Specialization of Cells

In living organisms there are millions of cells present. If all the cells in a body were the same and performed the same functions, there would be some functions that an organism would be unable to perform. As a result, some of these cells are specialized and grouped together to form tissues which may form organs. Since each of these tissues and organs perform a specific function, there is a division of labour and increased efficiency.

Cells are able to perform different functions because of their structure, the proteins they produce and the organelles present. Since different cells perform different functions a nerve cell, for example, cannot have the same structure as a white blood cell. This specialization is the same for the organelles within the cells. In the cell, each organelle has its own role involving its own specialized structure and chemistry. All the cells and organelles within a cell do their own thing but they all come together for one purpose and that’s to allow proper body function.

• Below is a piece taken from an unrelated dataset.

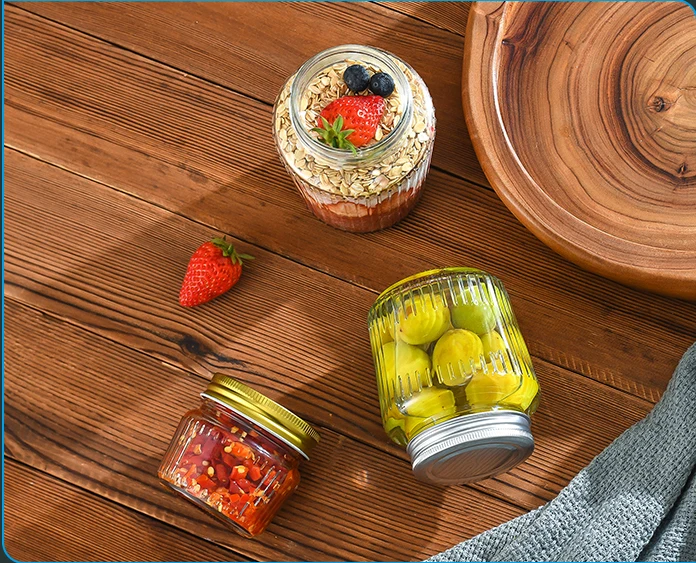 Airtight 180ml 280ml 380ml 500ml Ergo Honey Pot Glass Jar For Jam Butter Honey With Metal Lug Twist Lid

Specialized cells differ in size, shape and function. These modifications of the cell enable it to perform its task properly. Both plant and animal cells may be specialized for different tasks.

Examples of Specialized cells are:

-Nerve cell

-White blood cell

-Red blood cell

-Fat cells

-Root hair cell

-Palisade cell

NERVE CELL

Cells that perform the same specific functions are grouped together in the body to form tissues. Some of the main tissues in Man are:

-Muscle

-Nerve

-Connective

-Epithelium

The main tissues in plants are:

-Xylem

-Phloem

Tissues are grouped together to form organs.

Examples of organs in animals are: kidney, liver and stomach.

Examples of organs in plants are: stem, root, leaf.

Organs are then grouped together to form systems.

An example of a system is the excretory system which we will be examining shortly.

From the flow chart above, it can be seen that cells group together to form tissues and tissues form organs. Organs are grouped together to form systems which collectively form an organism.